Building on these observations, this paper integrates loyalty card program data with synthetic population data and applies clustering methods to enhance our understanding of grocery customers. By bridging the gap between single-source studies and those lacking quantitative geographic insights, this work seeks to capture both behavioural and socioeconomic dimensions of customer segments within a spatially explicit context. We argue that such an integrated approach not only enriches ABM simulations by representing heterogeneous consumer profiles more accurately but also provides guidance for retailers, urban planners, and policymakers aiming to make data-driven decisions. In the remainder of this paper, we outline our methodology and present a quantitative view of customer segments.

2. Methods

2.1. Study Area

Our study area is the island that makes up the city of Montreal. Encompassing approximately 500.6 km², Montreal is the largest city in Quebec and the second largest in Canada. According to Statistics Canada [23], the city is home to over 1.7 million residents across 816,340 occupied private dwellings. Montreal’s diverse demographic landscape offers a unique opportunity to investigate population heterogeneity, thereby facilitating the derivation of distinct customer clusters. Figure 1 illustrates the location of our study area, the city of Montreal, and the spatial distribution of loyalty card program members as their total count in each dissemination area (DA), the smallest standard geographical unit of the Canadian census.

2.2. Data Sources

This study utilizes two datasets, a synthetic population and customer loyalty card data, where the latter is obtained from a prominent local retail chain operating grocery stores on the island of Montreal, to construct a typology of customers. The synthetic population data are derived from the Syntheco project at the McGill Centre for the Convergence of Health and Economics (MCCHE) [24]. The Syntheco project aims to establish a synthetic ecosystem for the analysis of complex human individual behaviours, with the creation of synthetic populations for Canadian and US contexts from Census data as a key milestone. For this paper, we specifically utilize the Canadian synthetic population to ascertain the demographic profiles of customers from the loyalty card dataset. This synthetic population is crafted using geographical boundary structures, data from the 2016 Canadian Census, and household data from the Public Use Microdata Files (PUMF) employing the Iterative Proportional Fitting (IPF) algorithm. Consequently, all attributes from the PUMF data are replicated in the synthetic population. In this synthetic population, individuals are linked with their corresponding households, and each household has the coordinates to illustrate their geolocation [24].

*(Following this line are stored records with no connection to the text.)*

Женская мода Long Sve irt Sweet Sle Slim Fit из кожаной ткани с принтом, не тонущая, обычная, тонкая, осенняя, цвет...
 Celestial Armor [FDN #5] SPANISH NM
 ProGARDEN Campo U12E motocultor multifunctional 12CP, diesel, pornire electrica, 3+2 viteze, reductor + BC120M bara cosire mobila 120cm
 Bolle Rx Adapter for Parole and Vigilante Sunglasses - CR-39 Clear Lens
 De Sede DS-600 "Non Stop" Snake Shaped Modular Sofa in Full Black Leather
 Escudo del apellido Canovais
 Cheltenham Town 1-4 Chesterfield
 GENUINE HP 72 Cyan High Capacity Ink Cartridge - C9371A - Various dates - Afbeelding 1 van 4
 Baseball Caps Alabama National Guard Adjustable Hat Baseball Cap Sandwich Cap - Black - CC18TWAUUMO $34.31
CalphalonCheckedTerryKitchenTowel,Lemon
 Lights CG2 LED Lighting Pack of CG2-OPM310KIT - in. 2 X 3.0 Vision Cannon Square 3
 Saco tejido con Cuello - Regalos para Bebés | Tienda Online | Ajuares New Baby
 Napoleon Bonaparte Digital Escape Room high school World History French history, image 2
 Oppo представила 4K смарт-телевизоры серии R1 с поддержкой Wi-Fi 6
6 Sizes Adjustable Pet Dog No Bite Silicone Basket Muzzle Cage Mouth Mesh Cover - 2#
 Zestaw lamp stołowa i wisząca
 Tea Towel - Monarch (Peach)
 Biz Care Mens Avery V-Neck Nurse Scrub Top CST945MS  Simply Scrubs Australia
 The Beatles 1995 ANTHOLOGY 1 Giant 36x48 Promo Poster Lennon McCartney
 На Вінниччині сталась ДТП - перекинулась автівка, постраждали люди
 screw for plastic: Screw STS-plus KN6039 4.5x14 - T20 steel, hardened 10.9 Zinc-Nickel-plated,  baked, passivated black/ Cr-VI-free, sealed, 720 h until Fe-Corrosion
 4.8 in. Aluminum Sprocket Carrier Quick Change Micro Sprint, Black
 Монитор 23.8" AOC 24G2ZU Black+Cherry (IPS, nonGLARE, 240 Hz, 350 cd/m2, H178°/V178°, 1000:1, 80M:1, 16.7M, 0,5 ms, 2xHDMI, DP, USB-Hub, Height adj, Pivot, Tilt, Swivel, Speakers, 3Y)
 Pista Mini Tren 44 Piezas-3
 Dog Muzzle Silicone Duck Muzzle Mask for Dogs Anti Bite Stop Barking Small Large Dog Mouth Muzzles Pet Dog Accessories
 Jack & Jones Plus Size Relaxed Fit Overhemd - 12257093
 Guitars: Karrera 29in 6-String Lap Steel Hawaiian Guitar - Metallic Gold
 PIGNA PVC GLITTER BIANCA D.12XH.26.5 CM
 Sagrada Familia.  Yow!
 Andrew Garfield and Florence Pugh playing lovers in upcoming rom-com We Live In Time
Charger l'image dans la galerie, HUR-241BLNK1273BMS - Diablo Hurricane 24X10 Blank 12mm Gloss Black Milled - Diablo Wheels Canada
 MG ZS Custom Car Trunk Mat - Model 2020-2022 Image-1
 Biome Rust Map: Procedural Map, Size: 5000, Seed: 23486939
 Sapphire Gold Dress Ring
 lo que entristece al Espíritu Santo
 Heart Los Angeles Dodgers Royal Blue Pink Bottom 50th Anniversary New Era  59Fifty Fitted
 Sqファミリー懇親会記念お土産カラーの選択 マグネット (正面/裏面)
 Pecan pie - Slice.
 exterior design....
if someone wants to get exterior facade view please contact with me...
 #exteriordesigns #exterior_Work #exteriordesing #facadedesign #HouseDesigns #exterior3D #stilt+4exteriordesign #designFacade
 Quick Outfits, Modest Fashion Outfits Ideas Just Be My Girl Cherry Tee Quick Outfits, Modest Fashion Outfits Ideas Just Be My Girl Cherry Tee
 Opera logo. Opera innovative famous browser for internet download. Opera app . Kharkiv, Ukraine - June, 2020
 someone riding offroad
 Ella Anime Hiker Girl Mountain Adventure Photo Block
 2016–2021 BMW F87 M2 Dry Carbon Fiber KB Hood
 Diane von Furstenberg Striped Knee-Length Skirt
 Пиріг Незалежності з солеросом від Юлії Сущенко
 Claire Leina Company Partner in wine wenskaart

The loyalty card dataset is sourced from a chain that operates retail stores with a focus on selling food items across Montreal and the province of Quebec and covers in-store purchases by loyalty card program members for 32 months, from February 2015 to September 2017. It encompasses various types of data, including each transaction made by members, store details, and member information pertaining to their declared residential postal code, as shown in the ER diagram in Figure 2. The transactional data contain detailed entries typically found on a receipt, such as timestamps, transaction IDs, total spending amounts, store IDs, and loyalty card IDs. These elements enable us to analyze customer behaviour by joining the datasets. However, the loyalty card data lacks personal information, with only a postal code available. This postal code presumably identifies the residential postal code of the member. In addition, all loyalty card program members are uniquely identified by customer ID. However, it is not possible to distinguish between the commercial and individual customers because that information is not collected.

2.3. Connecting the Loyalty Card Data with the Synthetic Population

In order to conduct an analysis of consumer behaviours, our study focuses on transactional data for each member available in the loyalty card dataset. These data are foundational as they are explicitly tied to individual loyalty card IDs, providing a granular view of purchasing patterns by each member enrolled in the program. Based on ref. [22], we identify several critical behavioural metrics: frequency of store visits, distance to the most frequently visited store, distance to the nearest store, and timing of visits (differentiated by weekday/weekend and daytime/evening). These indicators are selected due to their proven relevance in understanding the landscape of consumer shopping preferences and patterns.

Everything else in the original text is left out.